Art is in the eye of the beholder, so you may not buy every instance where Hollywood has put music stars on the screen, but take a look at just a few attempts. They can be from any time period. Take Tom Hulce as Mozart in Amadeus. Was that an easier task since modern audiences didn’t have a pre-conceived notion of what to expect? Similarly, do we know whether Gary Oldman was successful as Beethoven in Immortal Beloved? Flash forward to the first part of the 20th century and more contemporary audiences knew Clifton Webb made a great John Philip Sousa in Stars and Stripes Forever, James Cagney knew every step of George M. Cohan in Yankee Doodle Dandy, and Jimmy Stewart had Glenn Miller’s mannerisms down in The Glenn Miller Story. Sometimes these life stories brought out the very best work of their actors, like Sissy Spacek in Coal Miner’s Daughter, Jessica Lange as Patsy Cline in Sweet Dreams, Lou Diamond Phillips as Ritchie Valens in La Bamba, Gary Busey as Buddy Holly in The Buddy Holly Story, and Jamie Foxx as Ray Charles in Ray. The best yet may very well be Val Kilmer as Jim Morrison in The Doors. Kilmer became Morrison for a legion of the band’s fans.

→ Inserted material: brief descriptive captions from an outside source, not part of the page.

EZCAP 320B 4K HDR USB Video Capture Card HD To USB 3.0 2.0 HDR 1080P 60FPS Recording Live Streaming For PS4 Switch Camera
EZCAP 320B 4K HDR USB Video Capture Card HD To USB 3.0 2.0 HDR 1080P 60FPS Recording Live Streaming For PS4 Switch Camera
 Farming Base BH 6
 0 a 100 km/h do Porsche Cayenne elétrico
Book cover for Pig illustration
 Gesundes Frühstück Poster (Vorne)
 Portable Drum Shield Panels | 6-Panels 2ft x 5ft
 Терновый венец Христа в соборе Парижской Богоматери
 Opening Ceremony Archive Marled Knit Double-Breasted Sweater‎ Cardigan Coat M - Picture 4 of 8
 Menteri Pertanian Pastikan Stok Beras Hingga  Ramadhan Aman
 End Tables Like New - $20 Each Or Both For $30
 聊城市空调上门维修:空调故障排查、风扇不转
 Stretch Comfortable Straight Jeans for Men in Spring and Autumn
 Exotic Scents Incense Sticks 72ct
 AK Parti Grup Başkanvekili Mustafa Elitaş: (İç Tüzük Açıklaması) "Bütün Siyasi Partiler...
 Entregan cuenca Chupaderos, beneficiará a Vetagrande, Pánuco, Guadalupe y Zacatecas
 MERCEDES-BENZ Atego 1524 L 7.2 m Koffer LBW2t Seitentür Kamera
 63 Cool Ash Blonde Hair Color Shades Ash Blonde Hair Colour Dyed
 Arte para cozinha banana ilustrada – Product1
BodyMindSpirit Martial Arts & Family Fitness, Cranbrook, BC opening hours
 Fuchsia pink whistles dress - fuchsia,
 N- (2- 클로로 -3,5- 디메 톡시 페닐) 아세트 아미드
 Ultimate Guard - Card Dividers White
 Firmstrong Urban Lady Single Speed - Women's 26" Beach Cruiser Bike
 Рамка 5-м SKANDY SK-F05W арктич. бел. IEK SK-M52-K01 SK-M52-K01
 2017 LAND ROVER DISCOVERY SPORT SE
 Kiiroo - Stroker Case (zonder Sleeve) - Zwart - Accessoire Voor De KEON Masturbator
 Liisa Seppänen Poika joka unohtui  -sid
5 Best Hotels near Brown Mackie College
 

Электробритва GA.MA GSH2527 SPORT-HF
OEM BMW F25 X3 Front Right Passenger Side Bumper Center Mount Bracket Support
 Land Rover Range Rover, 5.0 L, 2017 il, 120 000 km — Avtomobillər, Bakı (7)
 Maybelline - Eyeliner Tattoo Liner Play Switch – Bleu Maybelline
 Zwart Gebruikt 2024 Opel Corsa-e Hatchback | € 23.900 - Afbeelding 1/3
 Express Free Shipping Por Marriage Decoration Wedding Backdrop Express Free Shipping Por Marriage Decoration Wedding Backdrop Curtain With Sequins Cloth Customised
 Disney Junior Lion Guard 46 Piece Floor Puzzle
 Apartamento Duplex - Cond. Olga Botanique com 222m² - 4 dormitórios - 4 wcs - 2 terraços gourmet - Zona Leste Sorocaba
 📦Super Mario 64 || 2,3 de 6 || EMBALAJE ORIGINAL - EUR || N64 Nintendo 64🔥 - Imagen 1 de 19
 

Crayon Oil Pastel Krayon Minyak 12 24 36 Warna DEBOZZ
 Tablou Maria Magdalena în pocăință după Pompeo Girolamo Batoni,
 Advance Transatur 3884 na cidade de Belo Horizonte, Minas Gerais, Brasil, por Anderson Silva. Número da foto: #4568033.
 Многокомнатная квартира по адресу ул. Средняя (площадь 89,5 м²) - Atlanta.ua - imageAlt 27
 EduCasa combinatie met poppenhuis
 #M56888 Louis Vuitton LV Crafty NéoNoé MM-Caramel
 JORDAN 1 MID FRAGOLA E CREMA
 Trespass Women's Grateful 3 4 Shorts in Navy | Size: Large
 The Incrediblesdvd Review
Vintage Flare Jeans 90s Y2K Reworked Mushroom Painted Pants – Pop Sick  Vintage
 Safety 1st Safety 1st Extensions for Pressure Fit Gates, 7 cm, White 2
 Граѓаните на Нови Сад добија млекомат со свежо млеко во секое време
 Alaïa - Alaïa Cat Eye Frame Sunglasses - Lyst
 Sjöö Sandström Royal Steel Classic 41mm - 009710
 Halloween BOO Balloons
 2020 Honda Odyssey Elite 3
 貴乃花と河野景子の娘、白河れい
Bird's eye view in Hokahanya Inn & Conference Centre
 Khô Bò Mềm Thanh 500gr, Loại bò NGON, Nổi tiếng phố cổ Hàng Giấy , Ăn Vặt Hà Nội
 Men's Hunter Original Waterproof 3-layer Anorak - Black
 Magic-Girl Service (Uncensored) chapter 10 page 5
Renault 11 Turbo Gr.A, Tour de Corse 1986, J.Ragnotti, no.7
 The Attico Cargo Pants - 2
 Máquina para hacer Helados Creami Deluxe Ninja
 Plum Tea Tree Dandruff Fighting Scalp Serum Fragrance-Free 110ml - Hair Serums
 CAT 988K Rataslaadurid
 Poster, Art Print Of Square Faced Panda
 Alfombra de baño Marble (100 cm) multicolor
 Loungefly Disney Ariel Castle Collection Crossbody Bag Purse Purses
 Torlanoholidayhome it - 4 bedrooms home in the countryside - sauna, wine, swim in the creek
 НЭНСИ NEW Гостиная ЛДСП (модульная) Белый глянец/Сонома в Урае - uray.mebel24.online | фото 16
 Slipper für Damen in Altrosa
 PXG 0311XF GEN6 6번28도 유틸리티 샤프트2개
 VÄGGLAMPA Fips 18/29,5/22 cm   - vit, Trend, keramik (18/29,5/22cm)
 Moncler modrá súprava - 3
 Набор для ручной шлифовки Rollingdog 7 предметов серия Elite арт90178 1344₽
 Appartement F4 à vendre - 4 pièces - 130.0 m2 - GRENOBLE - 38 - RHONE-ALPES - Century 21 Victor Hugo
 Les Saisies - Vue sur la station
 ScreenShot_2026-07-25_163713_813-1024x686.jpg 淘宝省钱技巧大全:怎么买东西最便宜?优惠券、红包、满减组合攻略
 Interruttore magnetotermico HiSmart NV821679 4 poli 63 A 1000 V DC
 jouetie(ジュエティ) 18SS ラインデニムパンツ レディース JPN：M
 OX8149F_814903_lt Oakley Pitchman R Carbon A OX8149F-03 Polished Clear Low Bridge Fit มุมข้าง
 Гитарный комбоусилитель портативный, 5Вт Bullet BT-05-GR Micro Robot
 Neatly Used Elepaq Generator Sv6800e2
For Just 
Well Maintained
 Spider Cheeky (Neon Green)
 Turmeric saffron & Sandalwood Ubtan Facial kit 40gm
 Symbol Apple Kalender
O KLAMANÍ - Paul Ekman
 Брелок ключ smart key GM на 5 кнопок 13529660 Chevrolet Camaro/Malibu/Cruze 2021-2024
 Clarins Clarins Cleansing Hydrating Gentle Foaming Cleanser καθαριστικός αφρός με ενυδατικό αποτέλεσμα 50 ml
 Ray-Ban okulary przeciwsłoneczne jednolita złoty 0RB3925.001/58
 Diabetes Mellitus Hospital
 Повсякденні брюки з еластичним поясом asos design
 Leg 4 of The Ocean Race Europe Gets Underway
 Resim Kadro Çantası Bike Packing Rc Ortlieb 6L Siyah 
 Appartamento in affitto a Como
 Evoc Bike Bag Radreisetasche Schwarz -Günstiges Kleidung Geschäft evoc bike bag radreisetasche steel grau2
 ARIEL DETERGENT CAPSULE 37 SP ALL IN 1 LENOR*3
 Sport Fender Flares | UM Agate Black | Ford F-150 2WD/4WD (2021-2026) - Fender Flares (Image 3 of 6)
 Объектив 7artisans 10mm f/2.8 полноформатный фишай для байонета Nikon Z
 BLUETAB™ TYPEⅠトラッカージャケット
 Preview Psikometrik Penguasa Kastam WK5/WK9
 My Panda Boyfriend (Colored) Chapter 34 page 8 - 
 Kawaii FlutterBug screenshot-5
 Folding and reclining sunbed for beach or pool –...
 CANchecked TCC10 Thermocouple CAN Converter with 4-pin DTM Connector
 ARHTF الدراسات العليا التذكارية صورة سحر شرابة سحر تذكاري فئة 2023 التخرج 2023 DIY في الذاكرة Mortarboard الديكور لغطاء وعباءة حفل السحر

In the past three years social media has highlighted the aging of the rock ‘n’ roll generation, as the architects of the music begin to pass away at a quicker rate, not only the good–or great–who died young (like Billie Holiday, Nat King Cole, Jim Hendrix, Marvin Gaye, Otis Redding, and Janis Joplin), but the founders that lived long lives, like Chuck Berry, and some of the biggest names in all of modern pop music: Elvis Presley, John Lennon, Michael Jackson, Prince, David Bowie, and Tom Petty. So it would seem moviegoers should expect a flood of biopics of musicians in the coming years.
Freddie Mercury was one of a kind, any way you describe him. From a casting standpoint, he had a unique look that couldn’t have been easy to copy. It’s great that audiences have had the chance to see Rami Malek in a critically acclaimed major performance before he goes all-in with such a beloved personality. And it’s not only Malik. Ashes to Ashes and Midsomer Murder’s Gwilym Lee is a ringer for Brian May, too. Don’t take our word for it–here’s the amazingly cut trailer for Bohemian Rhapsody:
It’s easy to predict a Best Actor nod come Oscar season for Malek if this trailer reflects the entire film. Bryan Singer and Dexter Fletcher directed the film, which co-stars Mike Myers (Austin Powers, Shrek), Lucy Boynton (Murder on the Orient Express) as Mary Austin, Ben Hardy (X-Men: Apocalypse, Mary Shelley) as Roger Taylor, and Joseph Mazzello (Jurassic Park, G.I. Joe: Retaliation) as John Deacon.
Look for Bohemian Rhapsody in the UK on October 28, 2018, and in U.S. theaters November 2, 2018.